5 Questions You Must Ask Yourself When Choosing Between Graduate Job Offers

Having a couple of graduate job offers on the table isn’t a bad position to be in. After all of your hard work applying and interviewing for roles, sometimes you’ll receive more than one offer and now you have an important decision to make. While both roles may sound great, it’s difficult to know exactly what it will be like to work for a company before you start.

If you’re spoilt for choice, you should ask yourself these five questions.

1. What are you driven by?

When you’re considering your options, it’s important to get your priorities in order and figure out what you want most from your graduate role. A few common driving factors are:

  • Money (salary and bonuses)
  • Location
  • Training
  • Progression opportunities
  • Brand and company
  • Company benefits and culture
  • Building relationships

Have a think about which of these is the most important for you in your graduate job and bear them in mind when weighing up your options.

2. Are you sure about what you want?

When deciding what your priorities are, you should also think about these warnings.

Money: If a job has a particularly high salary or commission structure then it is likely to be very challenging. It’s likely to take a lot of grit and determination in order to make a success of it. Also, ensure that you are going to enjoy what the role entails as there is no point earning a high salary if you’re miserable every day.
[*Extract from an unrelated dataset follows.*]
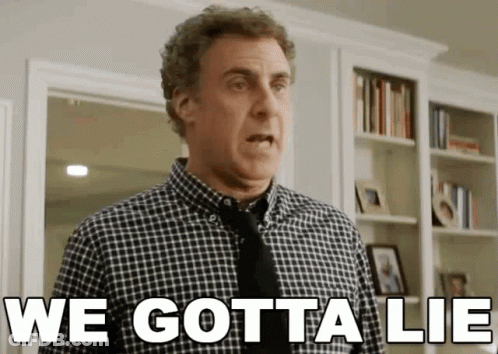 Man In Plaid Shirt And Tie Saying We Gotta Lie GIF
Location: When thinking about location, don’t be blinded by an image or interpretation. For example, London may seem like a glamorous option but the cost of living there is high. You should consider your commute time, if you have friends/family in the area, the cost of living and commuting to work and the social scene. If you do your research and think things through, you’ll be able to make a more informed decision.
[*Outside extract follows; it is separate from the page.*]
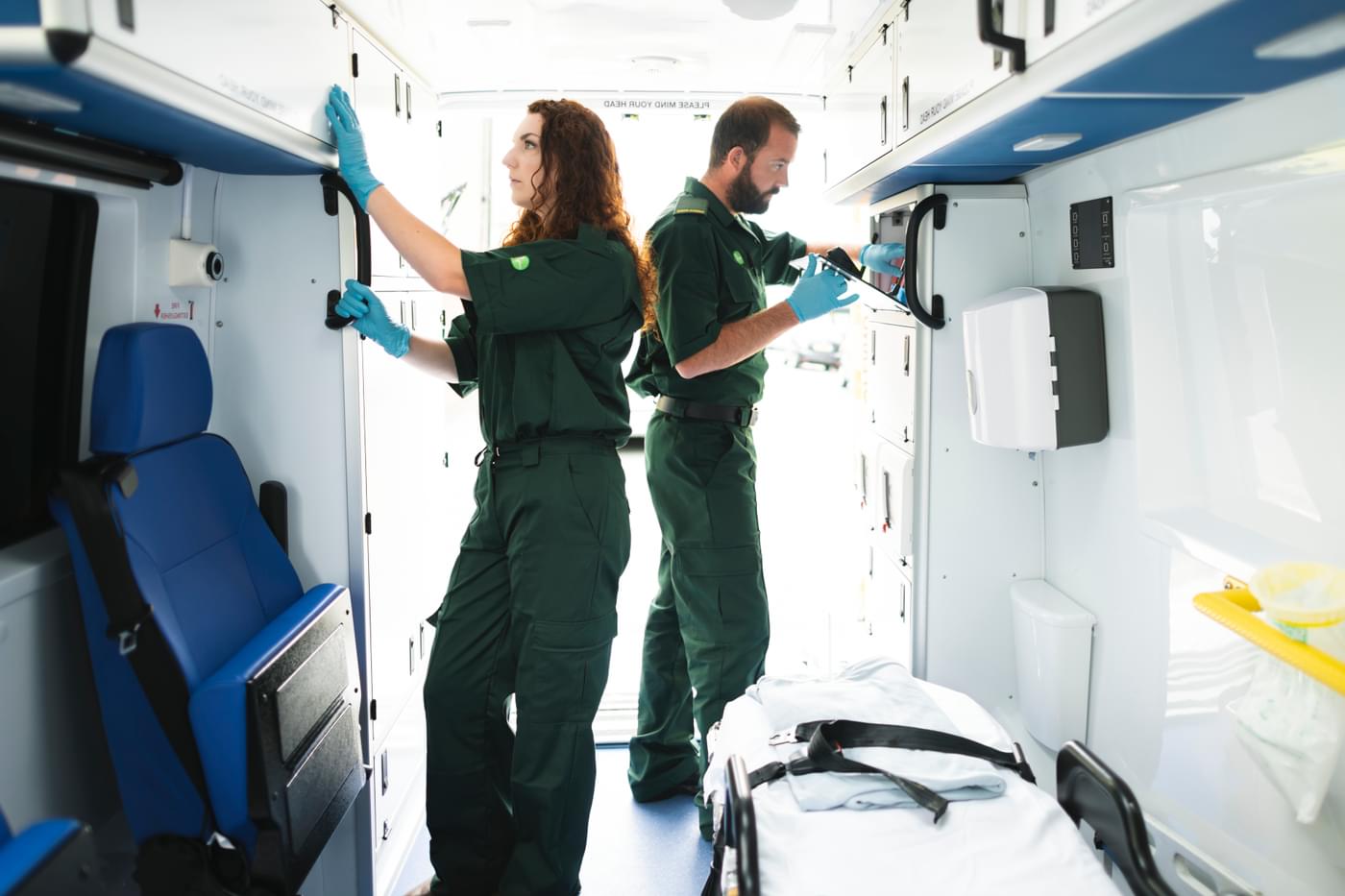 paramedic1 team checking equipment in an ambulance 2022 09 16 08 00 46 utc Omda 04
Brand: Sometimes we’re drawn to a company because they are a big-name brand. However, just because they are a large and well-known brand doesn’t mean they will be the best place for you to build your career. Conducting research into what it’s like to work for them will give you a better idea of whether they are suited to you.

Career progression should always be something you keep in mind and each role you take should contribute to your progression. If the role you are considering doesn’t help you to develop your skills or indicate that you can progress, it may not be the right option for you.

3. Will you fit in?

Good hiring managers look for people who will be a good cultural fit for their team. That means that they can imagine you working well with the personalities and skills they already have. Indeed, the people you work with can have a big impact on your results and happiness at work.
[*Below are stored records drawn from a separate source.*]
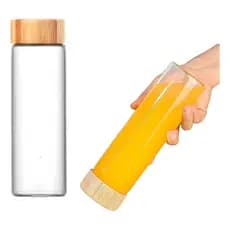 GARRAFA SQUEEZE DE VIDRO ÁGUA CHÁ SUCO 600ML TAMPA DE BAMBU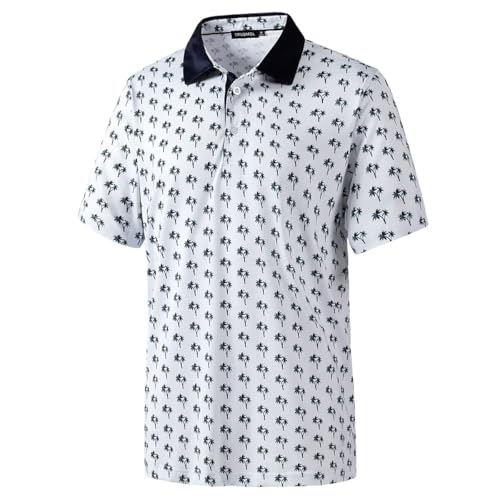 Golf Shirts for Men Dry Fit Performance Print Short Sleeve Moisture Wicking Golf Polo Shirts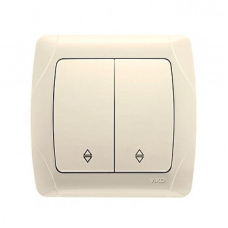 Вимикач 2 скр прохідний Кармен крем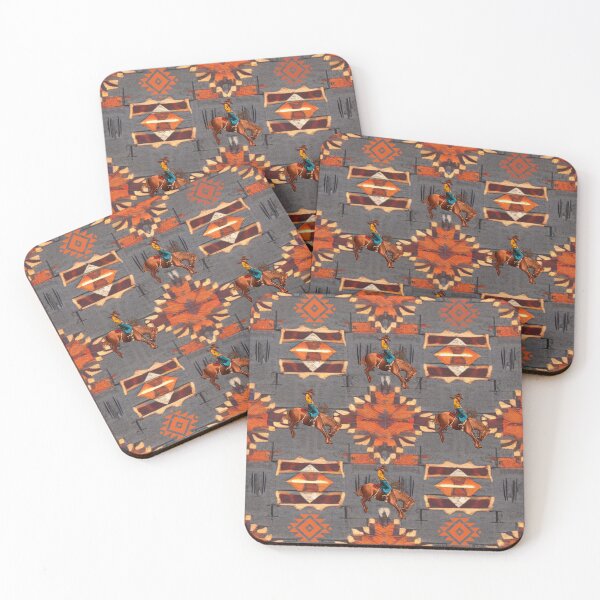 Item preview, Western Pattern With Bronc Rider designed and sold by handsoftime2020.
Where possible, you should try to get a tour of the office and speak to as many people as you can. You can also ask what the team is like during your interview. If you have a good idea of the working atmosphere and the people you will be working with you’ll be able to figure out how well you will fit in.

4. What can you achieve in your first 6 months?

Do you know what you will be doing for the first few months? Do you know what training and support you will receive? Will you have an experienced mentor to work with? These are questions that you should be finding answers to during the interview process. If you know exactly what you’ll be doing you will be able to better compare the opportunities you have been offered.

5. What other perks are on offer?

If you’ve gone through all of the above and are still struggling to make a decision, then consider the company perks on offer. Things like a company car, good pension scheme, incentives, gym membership, flexible working and holiday allowance could make a difference. 

Bringing it all together

Making the right decision about what graduate job offer is best for you could have a big impact on your future career. We always recommend that graduates prioritise training, mentoring and progression opportunities when in the early stages of their careers. This will ensure that you lay strong foundations to develop your skills and expertise which will be valuable throughout your career.